§ **PROBLEM**
With pictures excluded, give again exactly the lines running from the one holding "СПА кушетка &quot;Florence&quot;" through the end of the listing below.

*** Begin section ***

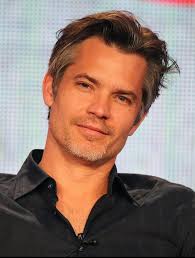 Emmy-nominated Jimmi Simpson joins the cast of #DeadCity Season 3 as  Dillard. 🗽🧟‍♂️ Let's give him a warm #TWDFam welcome! 👏🔥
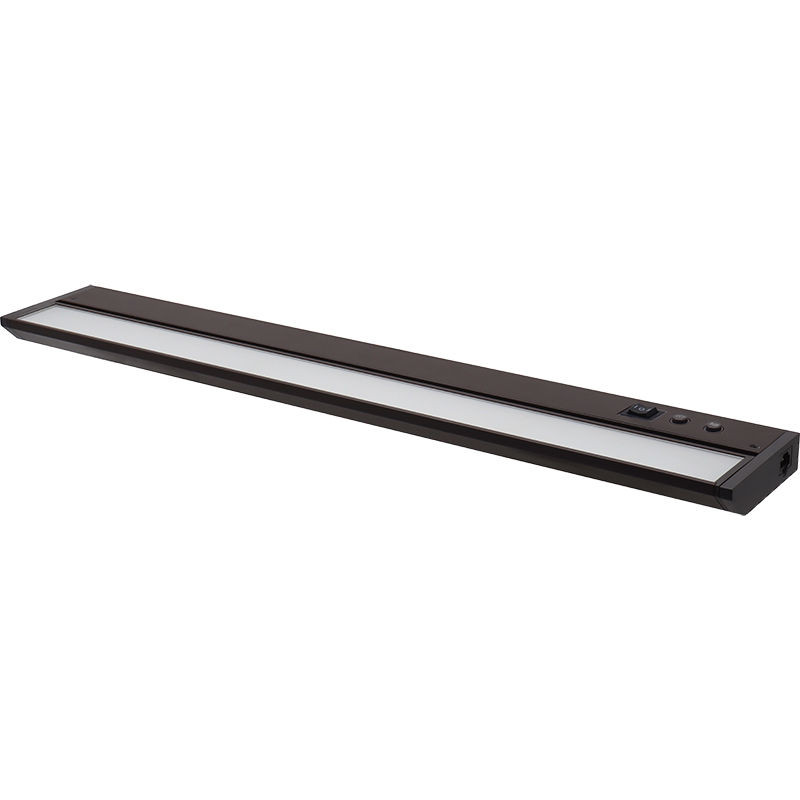 Westgate | UCA-RGBW-PB-24-BR | UCA-RGBW-PB-24-BR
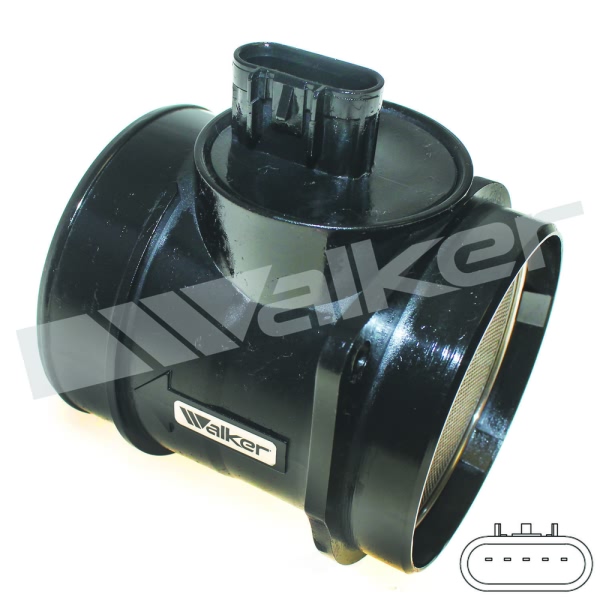 Walker Products Mass Air Flow Sensor 245-1133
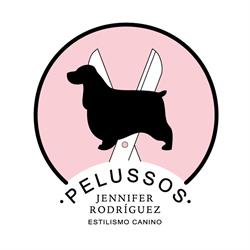 Peluqueria Canina Pelussos en Valencia (Algirós) - Horario de apertura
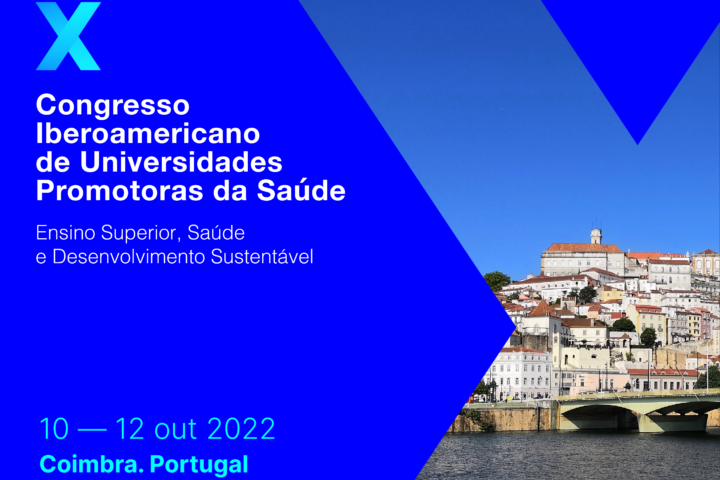 Congresso iberoamericano junta investigadores em Coimbra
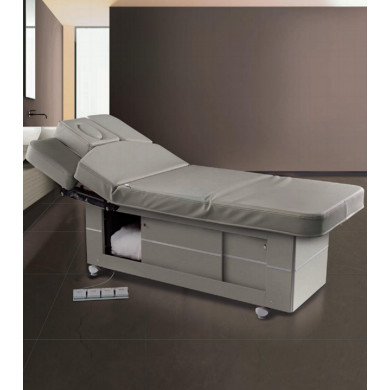СПА кушетка &quot;Florence&quot;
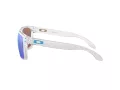 Oakley Holbrook Xl Gafas de Sol OO 9417 07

*** End section ***

§ **YOUR SOLUTION**
СПА кушетка &quot;Florence&quot;
 Oakley Holbrook Xl Gafas de Sol OO 9417 07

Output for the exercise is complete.